Izadi Shiva, Vavra Ulrike, Melnik Stanislav, Grünwald-Gruber Clemens, Föderl-Höbenreich Esther, Sack Markus, Zatloukal Kurt, Glössl Josef, Stöger Eva, Mach Lukas, Castilho Alexandra, Strasser Richard
Institute of Plant Biotechnology and Cell Biology, Department of Applied Genetics and Cell Biology, University of Natural Resources and Life Sciences Vienna, Vienna, Austria.
Core Facility Mass Spectrometry, University of Natural Resources and Life Sciences Vienna, Vienna, Austria.
Front Bioeng Biotechnol. 2023 May 3;11:1180044. doi: 10.3389/fbioe.2023.1180044. eCollection 2023.
SARS-CoV-2 infects human cells via binding of the viral spike glycoprotein to its main cellular receptor, angiotensin-converting enzyme 2 (ACE2). The spike protein-ACE2 receptor interaction is therefore a major target for the development of therapeutic or prophylactic drugs to combat coronavirus infections. Various engineered soluble ACE2 variants (decoys) have been designed and shown to exhibit virus neutralization capacity in cell-based assays and models. Human ACE2 is heavily glycosylated and some of its glycans impair binding to the SARS-CoV-2 spike protein. Therefore, glycan-engineered recombinant soluble ACE2 variants might display enhanced virus-neutralization potencies. Here, we transiently co-expressed the extracellular domain of ACE2 fused to human Fc (ACE2-Fc) with a bacterial endoglycosidase in to produce ACE2-Fc decorated with N-glycans consisting of single GlcNAc residues. The endoglycosidase was targeted to the Golgi apparatus with the intention to avoid any interference of glycan removal with concomitant ACE2-Fc protein folding and quality control in the endoplasmic reticulum. The deglycosylated ACE2-Fc carrying single GlcNAc residues displayed increased affinity to the receptor-binding domain (RBD) of SARS-CoV-2 as well as improved virus neutralization activity and thus is a promising drug candidate to block coronavirus infection.

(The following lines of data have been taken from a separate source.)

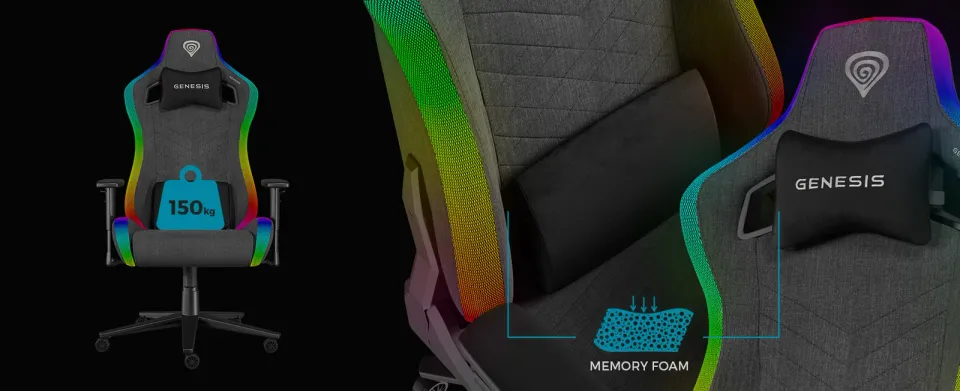 Herní křeslo Genesis TRIT 660, RGB, Šedé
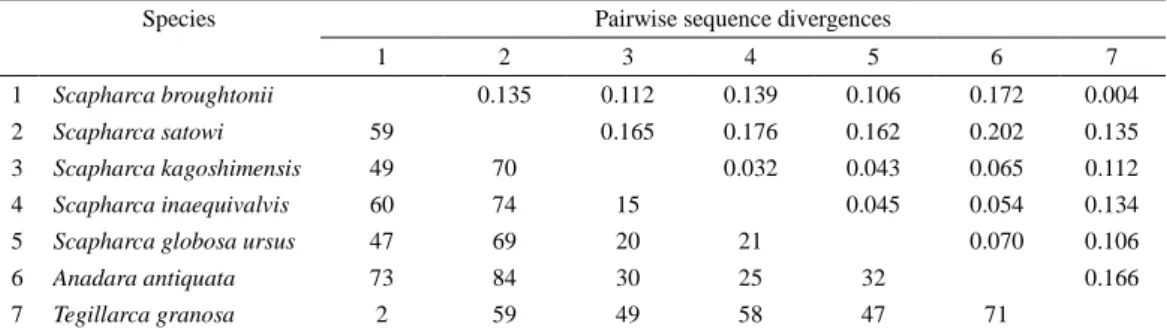 Table 2-6 Pairwise sequence divergences of the mitochondrial DNA COI gene  of 7 Arcidae species 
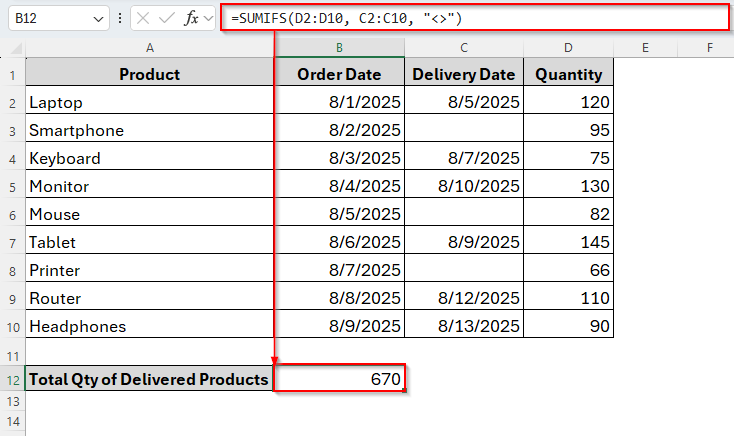 Alternative Functions to Sum Only Not Blank Cells in Excel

严重急性呼吸综合征冠状病毒2(SARS-CoV-2)通过病毒刺突糖蛋白与其主要细胞受体血管紧张素转换酶2(ACE2)结合来感染人类细胞。因此,刺突蛋白与ACE2受体的相互作用是开发治疗或预防药物以对抗冠状病毒感染的主要靶点。已设计出各种工程化的可溶性ACE2变体(诱饵),并在基于细胞的试验和模型中显示出具有病毒中和能力。人ACE2高度糖基化,其一些聚糖会损害与SARS-CoV-2刺突蛋白的结合。因此,糖基工程化的重组可溶性ACE2变体可能具有增强的病毒中和效力。在此,我们将与人类Fc融合的ACE2胞外域(ACE2-Fc)与一种细菌内切糖苷酶在[具体细胞或系统]中瞬时共表达,以产生用由单个N-乙酰葡糖胺残基组成的N-聚糖修饰的ACE2-Fc。该内切糖苷酶靶向高尔基体,目的是避免聚糖去除对内质网中ACE2-Fc蛋白折叠和质量控制的任何干扰。携带单个N-乙酰葡糖胺残基的去糖基化ACE2-Fc对SARS-CoV-2的受体结合域(RBD)表现出增加的亲和力以及改善的病毒中和活性,因此是一种有前景的阻断冠状病毒感染的候选药物。